** MATERIAL FOR THIS EXERCISE **
**********

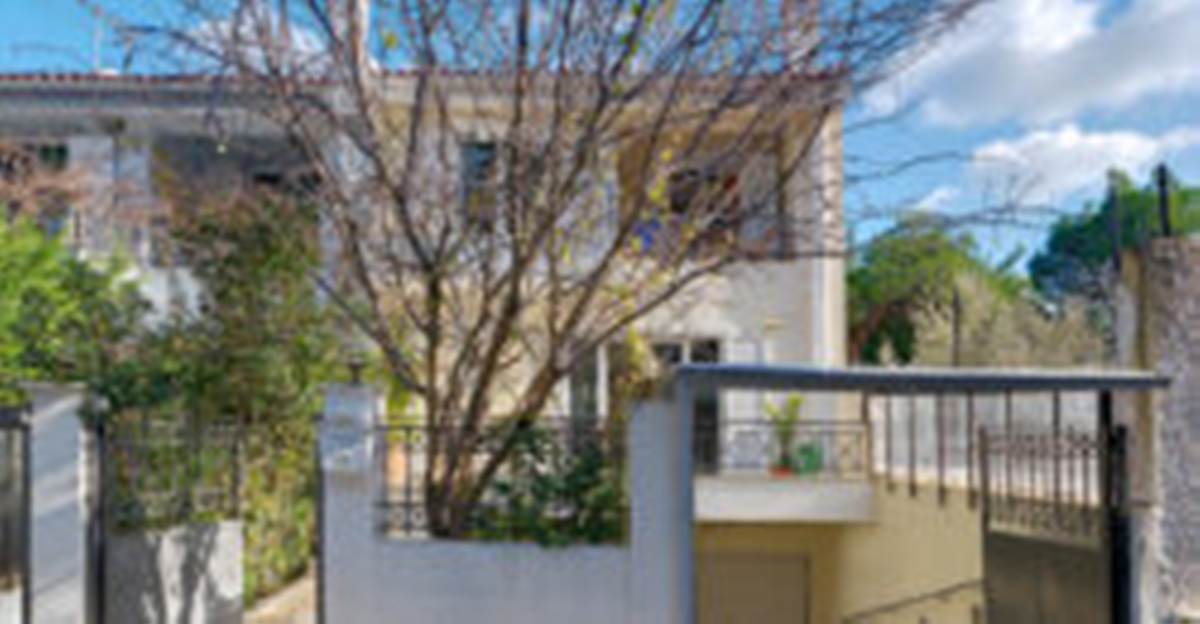 Άγιος  Στέφανος Αττικής. Πώληση Μεζονέτας 300 Μ2.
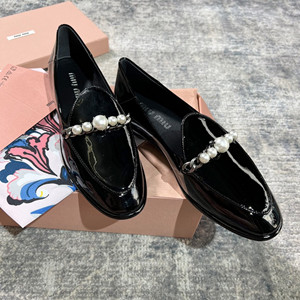 9A+ quality miumiu patent leather loafers shoes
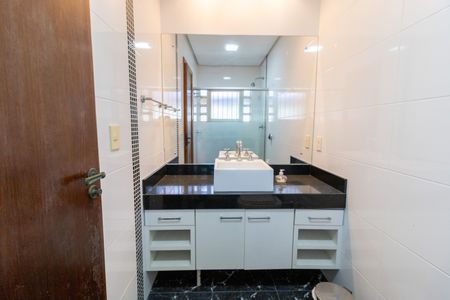 Casa de condomínio à venda com 504m², 4 quartos e 8 vagas Casa de condomínio à venda com 504m², 4 quartos e 8 vagasBanheiro da Suíte 2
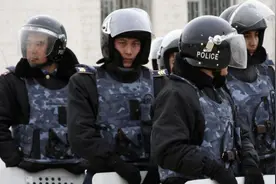 无需警告可直接击毙！俄军特种兵闪电出击，4000武装分子直接投降图片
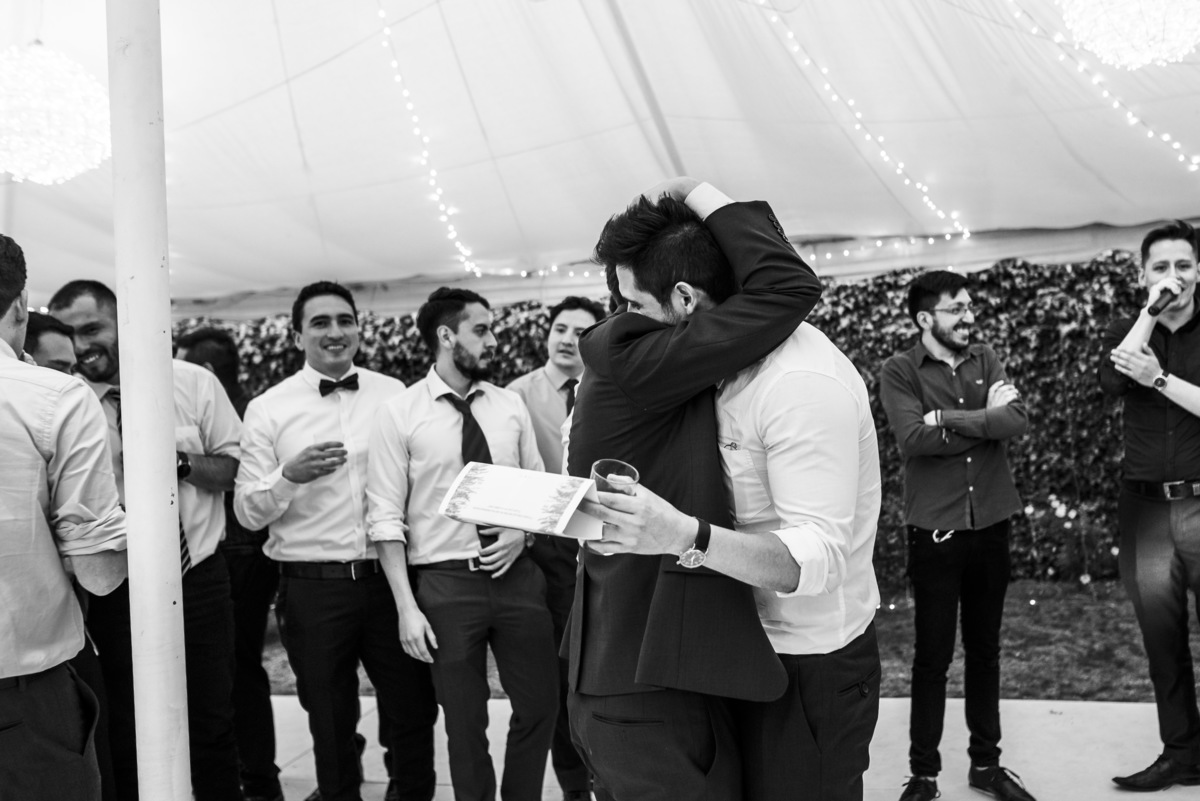 Fotografo de bodas La Paz Bolivia, Boda de dia, boda de jardin , boda rockera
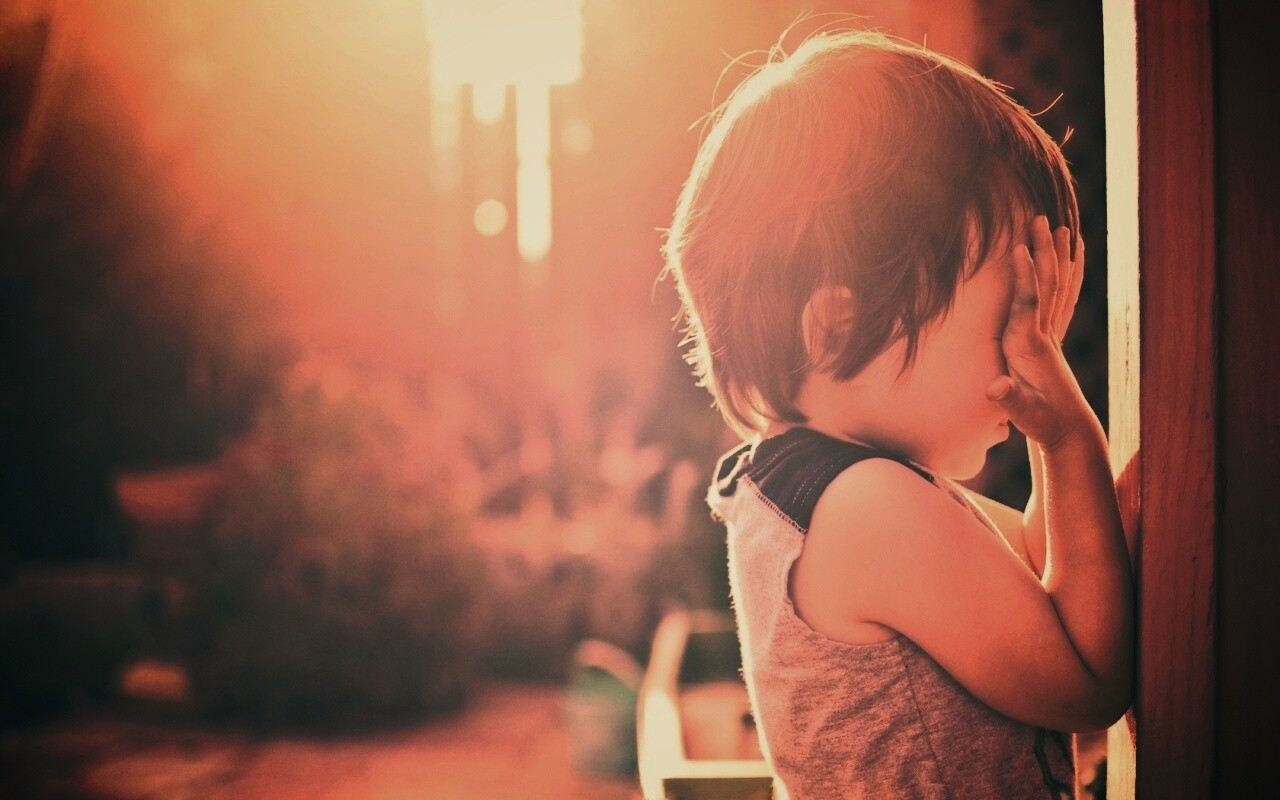 Малыш играет в прятки обои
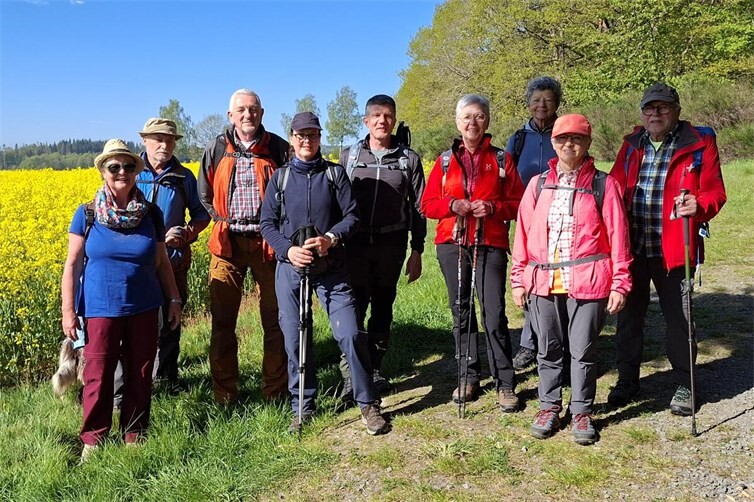 Gruppenbild auf dem Eifelsteig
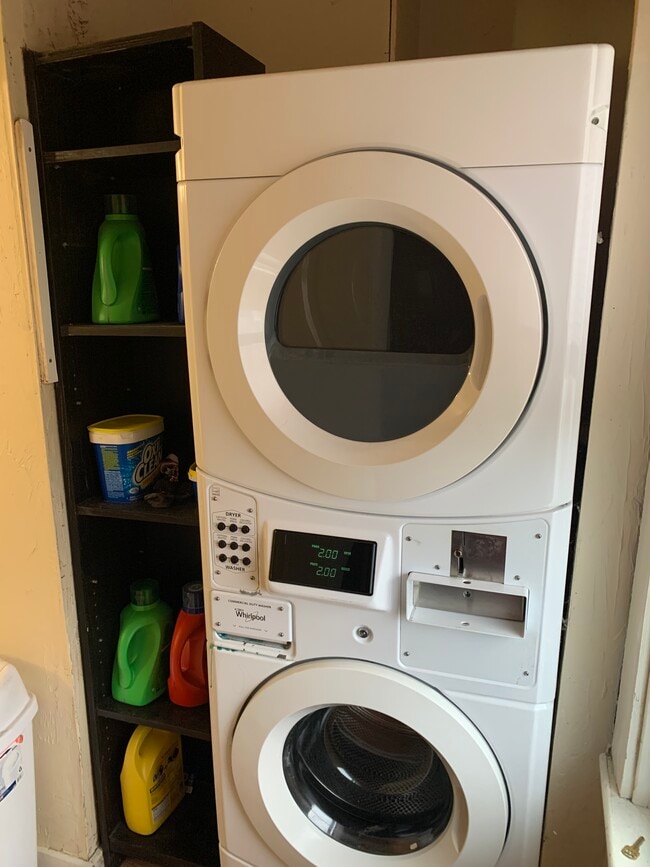 Shared Laundry - 5 Cordage St Unit 3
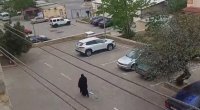 Çadralı qadının kimliyi bilindi - Görüntüləri yayan polisə çağırıldı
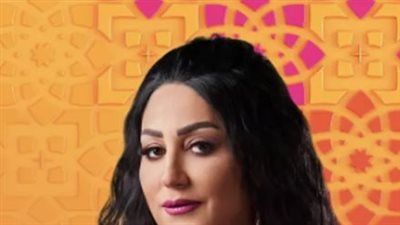 الفنانة المصرية وفاء عامر. النشأة والدراسة: جذور سكندرية وعشق للمسرح الجامعي صقله المعهد العالي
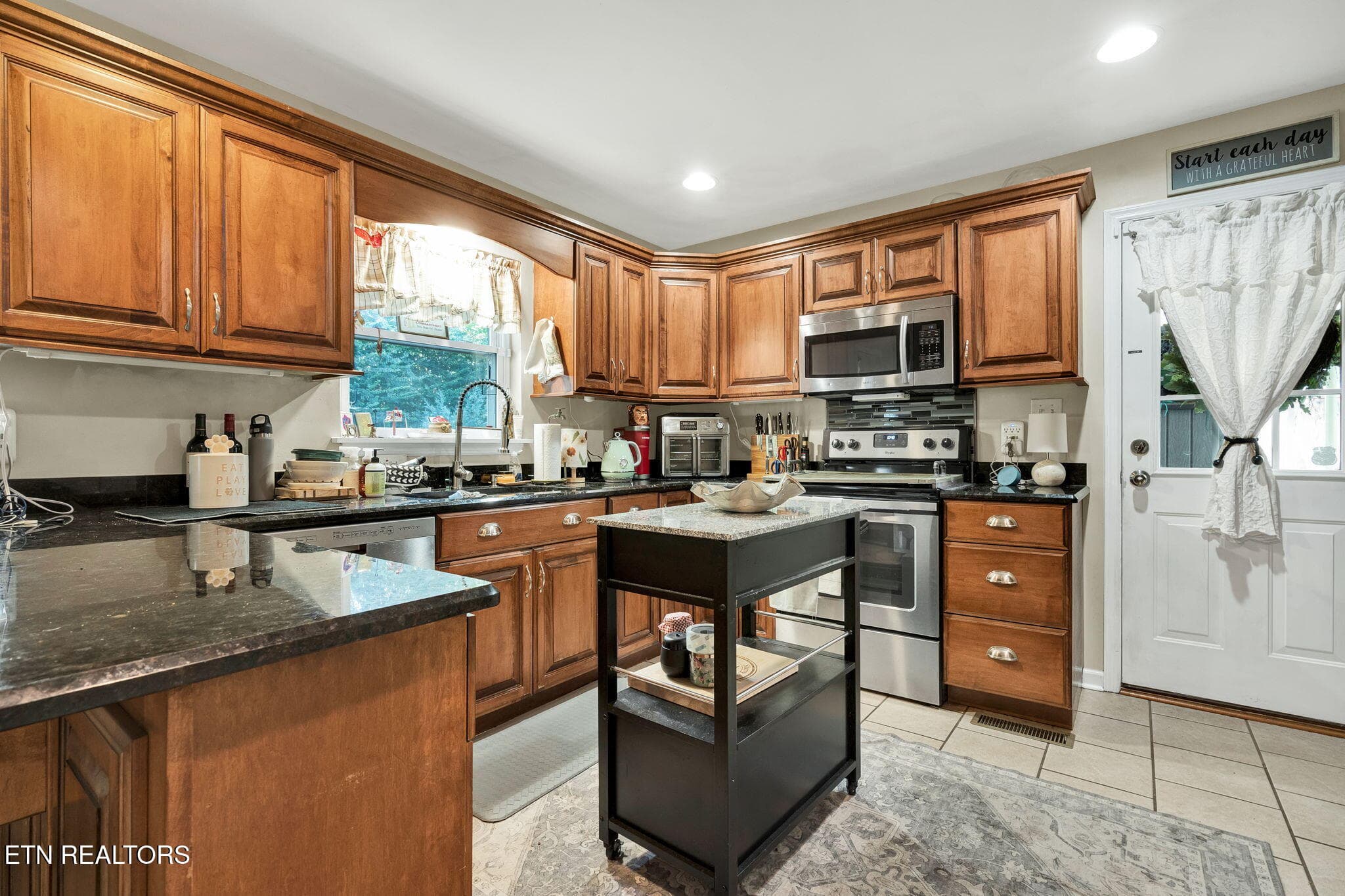 11-web-or-mls-DSC01701 - 530 Willow St, Cleveland, TN 37311, Cleveland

**********

** AIM OF THE TASK **
Write the lines from the one containing "Малыш играет в прятки обои" through the end of the data above exactly as they appear, and do not carry over any picture.

** THE COMPLETED TASK **
 Малыш играет в прятки обои
 Gruppenbild auf dem Eifelsteig
 Shared Laundry - 5 Cordage St Unit 3
 Çadralı qadının kimliyi bilindi - Görüntüləri yayan polisə çağırıldı
 الفنانة المصرية وفاء عامر. النشأة والدراسة: جذور سكندرية وعشق للمسرح الجامعي صقله المعهد العالي
 11-web-or-mls-DSC01701 - 530 Willow St, Cleveland, TN 37311, Cleveland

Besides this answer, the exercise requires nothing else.